▶ _Prompt_
Write out word for word the lines from the one holding "This fly right" through the end of the data, and only those lines. Pictures stay out.

[Stored data entries]
'''

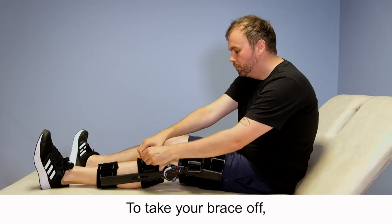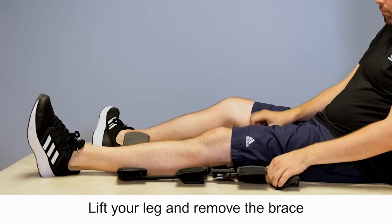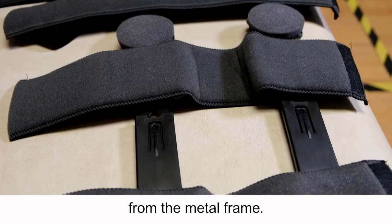To take your brace off, undo all of the velcro straps and the velcro padded straps. Lift your leg and remove the brace from underneath your leg. Try not to remove the padded straps from the metal frame.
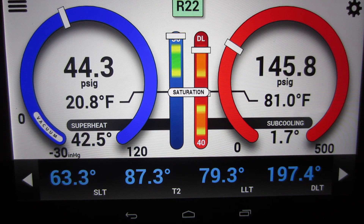Hey everyone, you're looking at a classic sign of low on refrigerant — 146 and 44 psi. Going off the pressures, that is low on refrigerant.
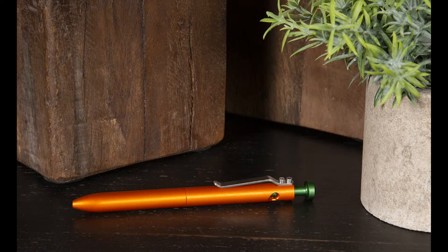That one was a matte orange with a matte green knob. This was before we were able to source anodized clips — otherwise the clip would also have been orange. It was really super awesome. I wanted one for myself but unfortunately they blew out of here so quickly I wasn't able to get one.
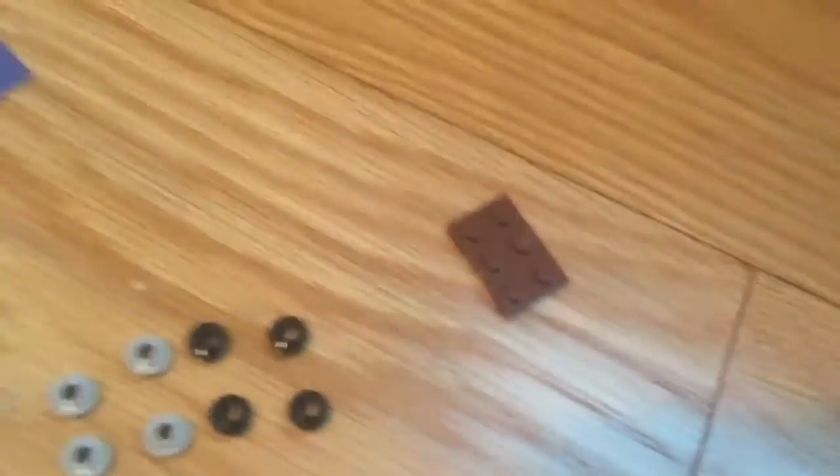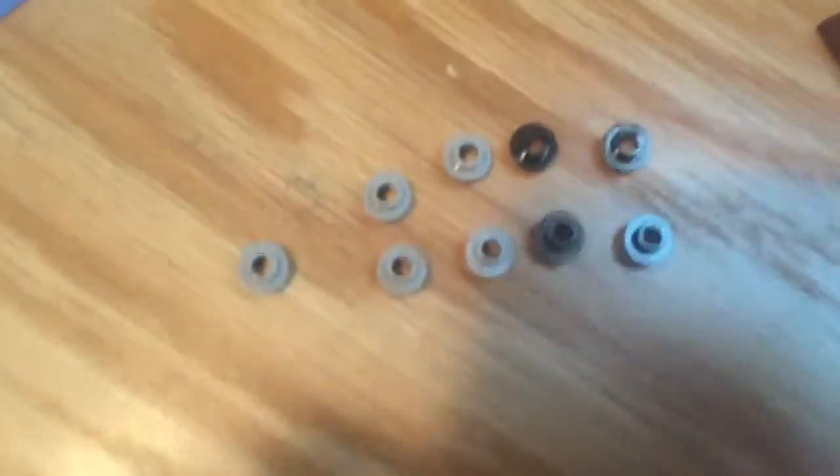Alright, so I haven't even built this thing yet. I just want to start by saying, holy crap — look at all those studs with holes in them, nine of them. That is ridiculously awesome.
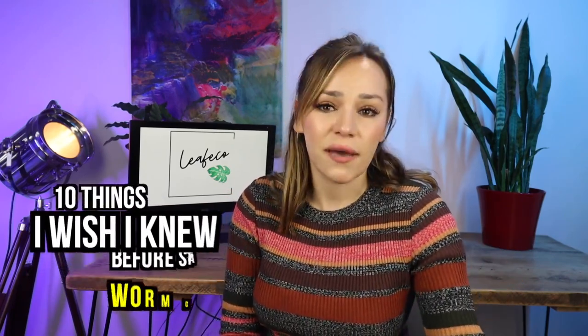10 things I wish I knew before starting worm composting. It's been years since my very first worm composting video, then I took some time off YouTube and got on with life. Life came along and blessed me with the experience of lots of worm composting, many failed attempts, many escaped worms, lots of tips, mostly failures — but that's how we learn, right? Through messing up. So allow me to give you 10 things I wish I knew before starting worm composting, so that you don't have to make the same mistakes I did.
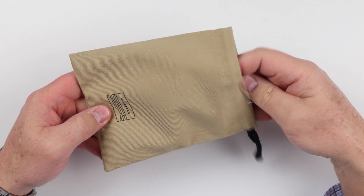Today we are going to look at the cash wallet from Wingback, another great wallet from this line of handmade leather goods from England. So let's take a look.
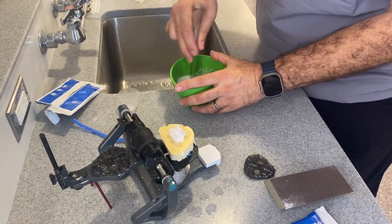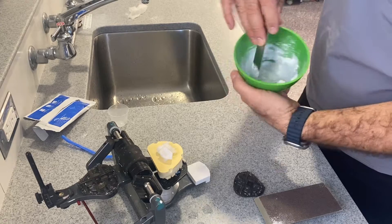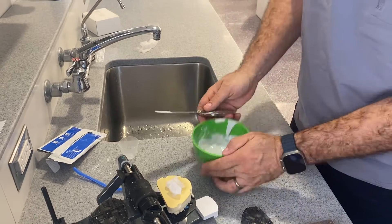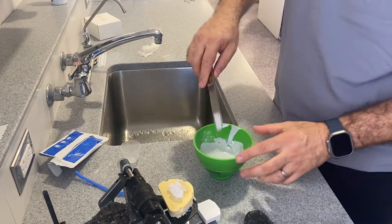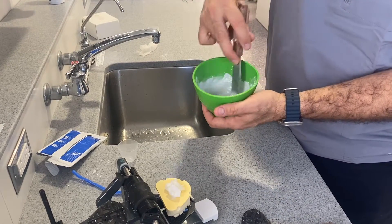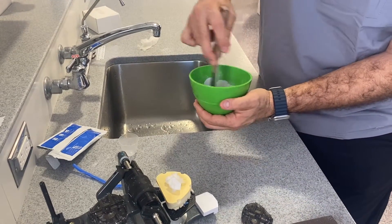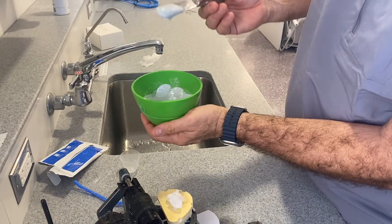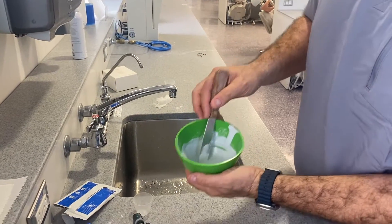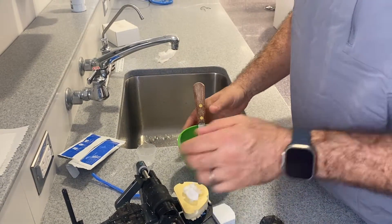Add it and mix it. We want to use the thin spatula and we're going to use the clear green bowl. The dark green bowl and the thicker spatula are only and exclusively used for alginate. You're going to get a mixture — this mixture is a little runny still, so you still have time. Don't try to apply it right now because everything is just going to start falling all over the place.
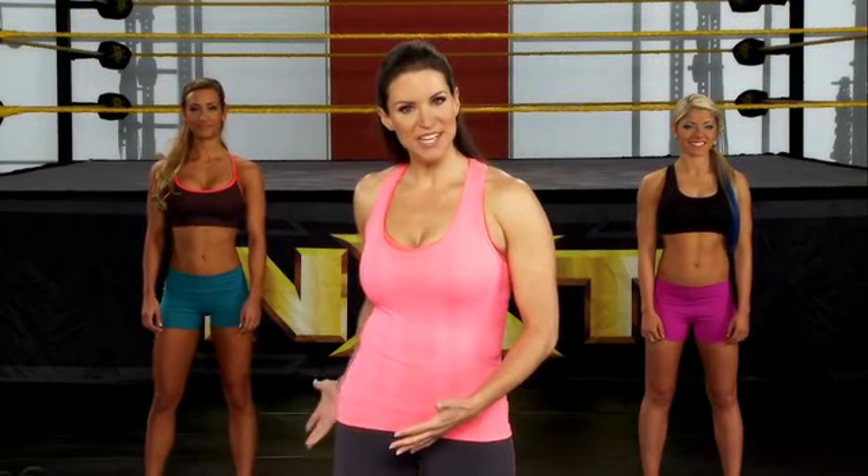Before any workout, it's really important that you warm up properly. So right now, the divas and I are going to take you through a proper warm-up right before we get into our upper body workout.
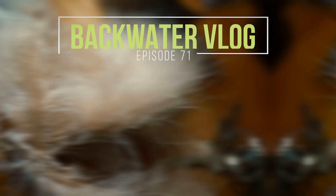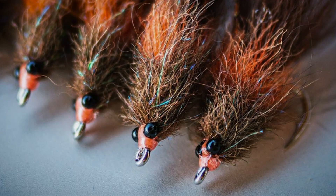This fly right here — just kidding, it's awesome. Alright dudes, thanks for tuning in again to the Backwater Vlog. Today we're covering a fly that I put on Instagram a little bit ago and people were like: hey, do a video, send me the materials, what's the deal with this thing?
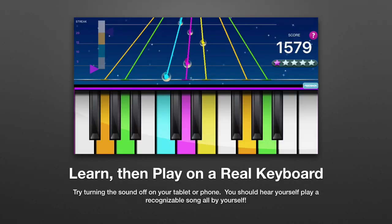When you can do that, try turning off the sound on the tablet or phone. Now you can hear just yourself playing the song.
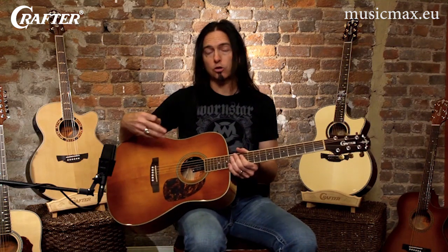Dreadnoughts were originally designed for rhythm guitar and are the standard for most country and western music. However, because of the larger size, this guitar may not be best suited for people with smaller frames.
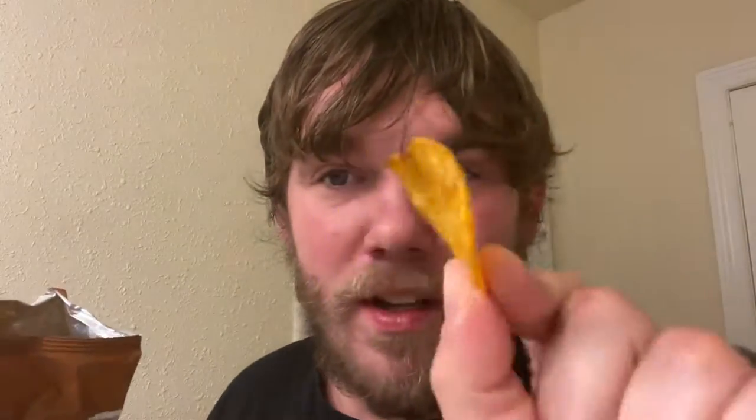All right, so this is what it looks like. It actually has a barbecue chip look to it, and let's dive in. One, two, three.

'''

▶ _Answer below_
This fly right here — just kidding, it's awesome. Alright dudes, thanks for tuning in again to the Backwater Vlog. Today we're covering a fly that I put on Instagram a little bit ago and people were like: hey, do a video, send me the materials, what's the deal with this thing?
When you can do that, try turning off the sound on the tablet or phone. Now you can hear just yourself playing the song.
Dreadnoughts were originally designed for rhythm guitar and are the standard for most country and western music. However, because of the larger size, this guitar may not be best suited for people with smaller frames.
All right, so this is what it looks like. It actually has a barbecue chip look to it, and let's dive in. One, two, three.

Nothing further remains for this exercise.